Lately, I have been thinking a lot about the future. Eventually, I will be off this diet and on my own. Eventually, this will become a lifetime process. When we first committed to this diet, we gave it 100 days. As that day is approaching it is time to think about the future. The plan was always to see how far we could get in 100 days but to go beyond until we felt we got to a stopping point. We have an initial goal and then a long term goal and we just weren’t sure if we want to be on that diet that long. But, that’s okay. The initial goal puts us in a good place. Actually where we are at now is a really good place.

So, it’s time to think about the future. Next month I start to phase off IP. What that means is that over the period of a few weeks I will be reducing the number of packets I eat and replacing it with real food to get my pancreas going again. Yes, the little guy has been resting for the last few months but eventually he needs to wake up and start working again.

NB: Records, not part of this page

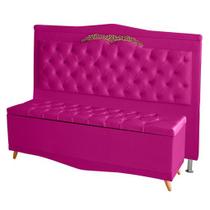 Kit De Cabeceira De Cama Box e Calçadeira Baú Helena Casal 140 cm Retro Capitonê Suede Rosa Pink Eli Móveis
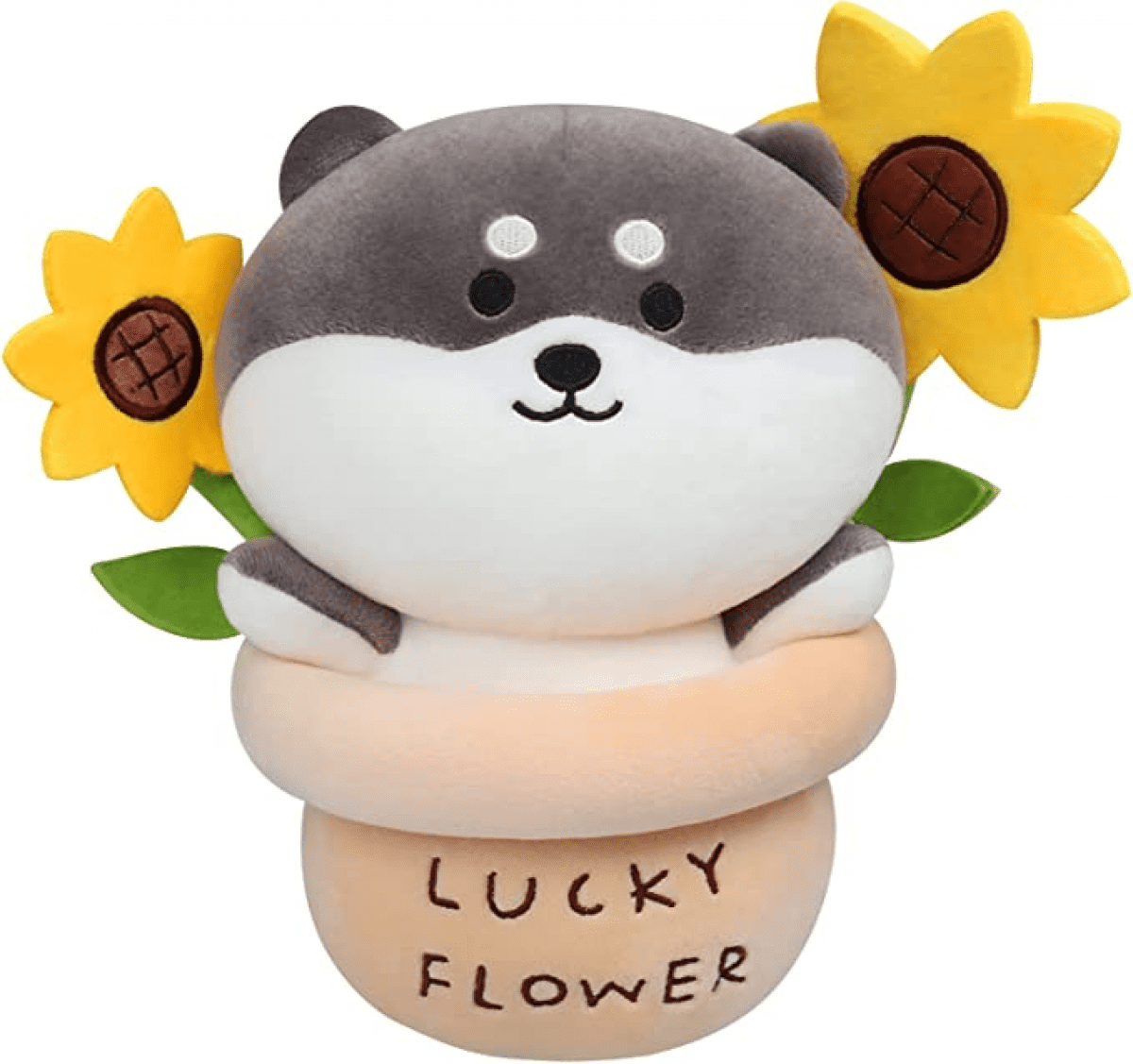TIMPCV Sunflower Husky Plush Toy, 9 Inch Plant Pot Shiba Inu Plush Pillow  Figure, Cute Soft Plant Plush for Office Kids Toys 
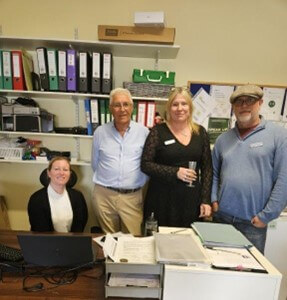 Hales staff member with Swaffham Councillors Steph Cooper, David Braithwaite and Graham Edwards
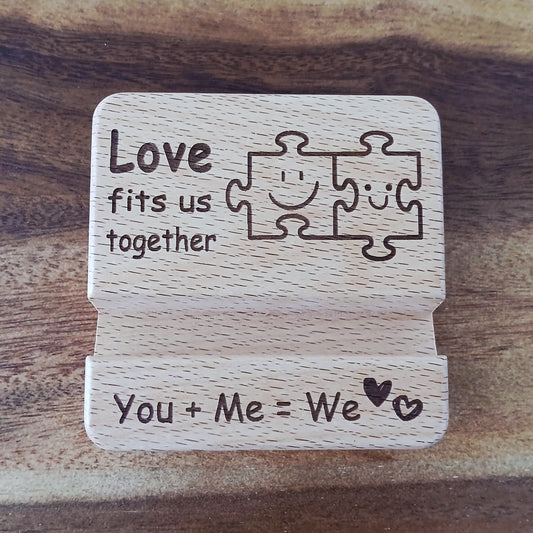 Love Fits Us Together : YOU+ME=WE Mobile Phone Stand Holder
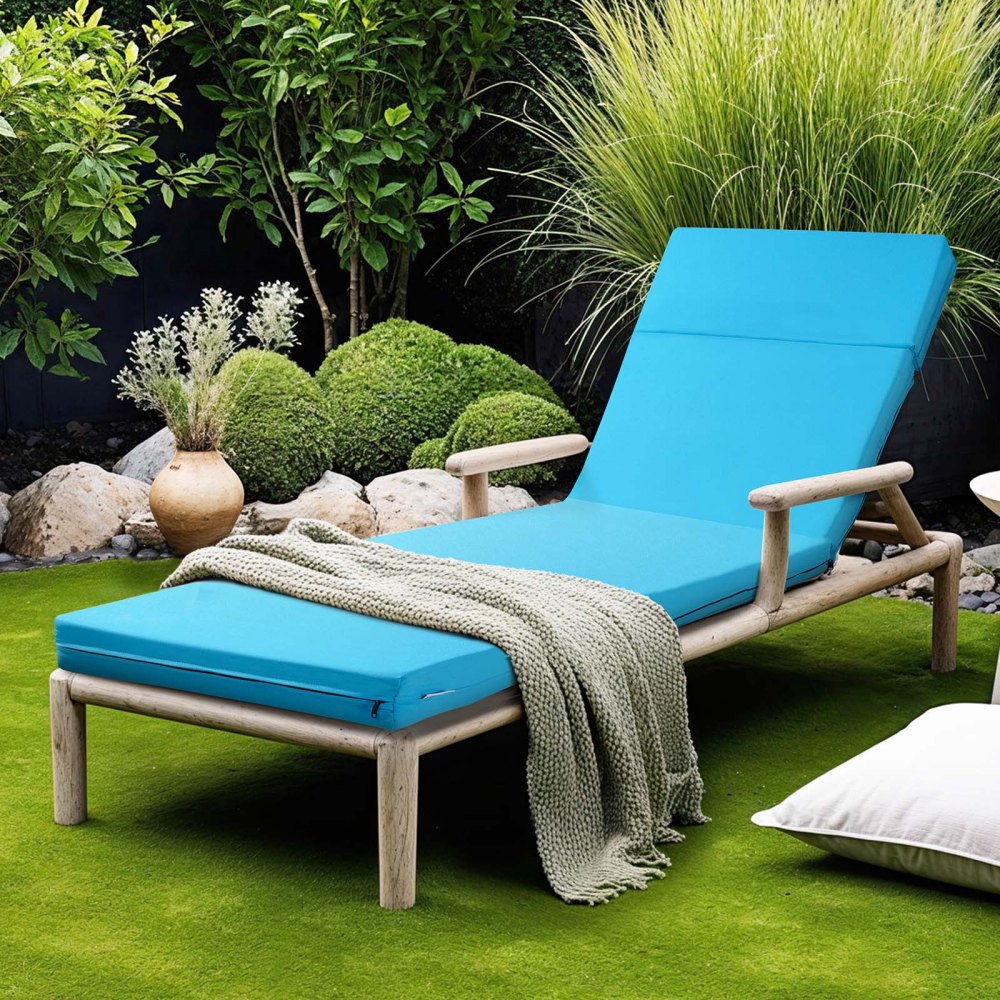 VEVOR Chaise Lounge Cushion, 72 x 21 x 4 in, Set of 2 Outdoor Lounge Chair Cushions, Waterproof & Fade-Resistant, Sun Lounger Cushions with Ties, Thick Patio Lounger Pads for Pool Deck, Teal Color
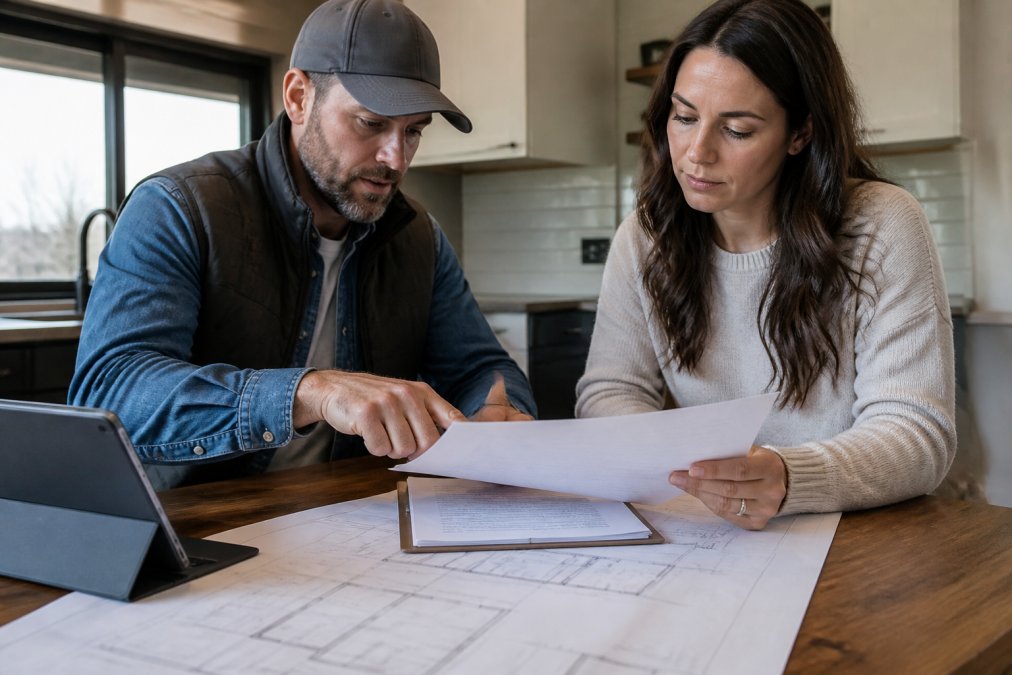 Professional general contractor and homeowner reviewing construction contract documents and budget breakdown at table with blueprints and tablet showing cost estimates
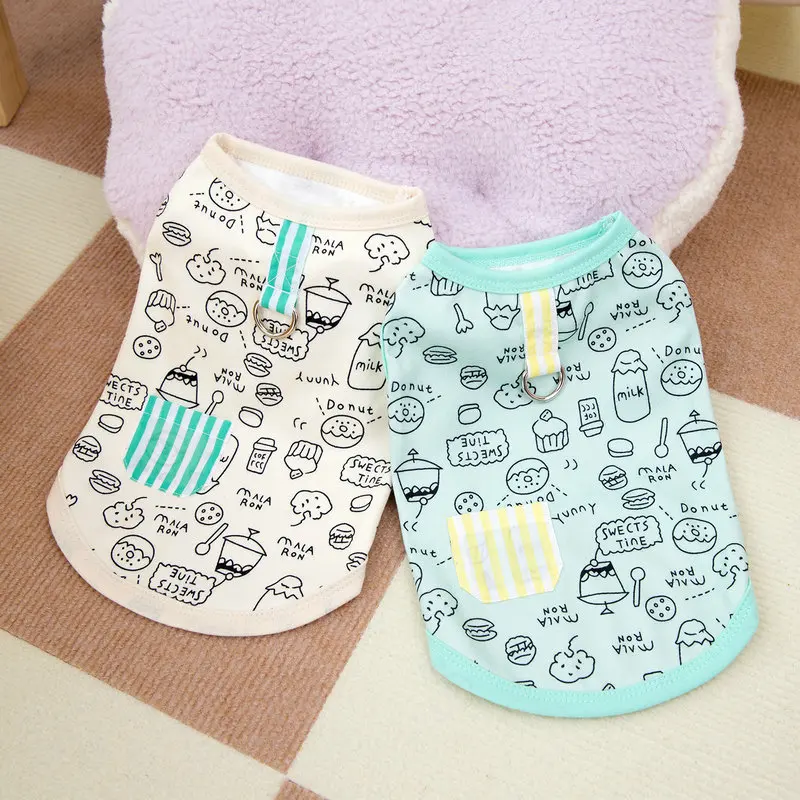 Summer psie košele Cartoon Graffiti Pattern Clothing Puppy Cat Solid Tričko Chihuahua Yorkie tenké mäkké módne vesty pre domáce zvieratá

And so I have been doing a lot of research, a lot of learning. I am finding interesting videos and books and diets. No, I am not planning on another diet. I am just looking for ideas on how to eat and recipe books for suggestions. I obviously can’t go back to the way I ate before and enough time has passed so I don’t think (or hope) I won’t but I want to have enough fail safes in place.

As well, I feel that now is the time to work on re-training myself. This diet is so structured that you honestly don’t have to do much thinking on your own but in order to be successful after it I do feel you need to have some kind of plan in place because those carbs will quickly start poofing you out,.

So, to knowledge and education. Self-education.

Onward…

Combined 80 pounds

in 84 days.

Wow…

and wow.

As of today, DH and I are down a total of 80 pounds since we started this diet.

Wow!

Song - Halfway Gone

The song title says it all. Just heard this song and started cracking up. It’s Halfway Gone by Lifehouse.

“Cause I’m halfway gone and I’m on my way…”

Down 23 lbs. Halfway there.

Okay, I still sing this song and should have posted this last week but I forgot so as of today, 3.20.12 I am weighing in at 134. 26 lbs down which is over halfway there but I still like the song.

Onward…

Around IP in 80 days

So, DH and I are now down 75 pounds.

Technically it is only day 79 for me but I will count it.

Weighing in today at 135. wow…yes, seriously…wow!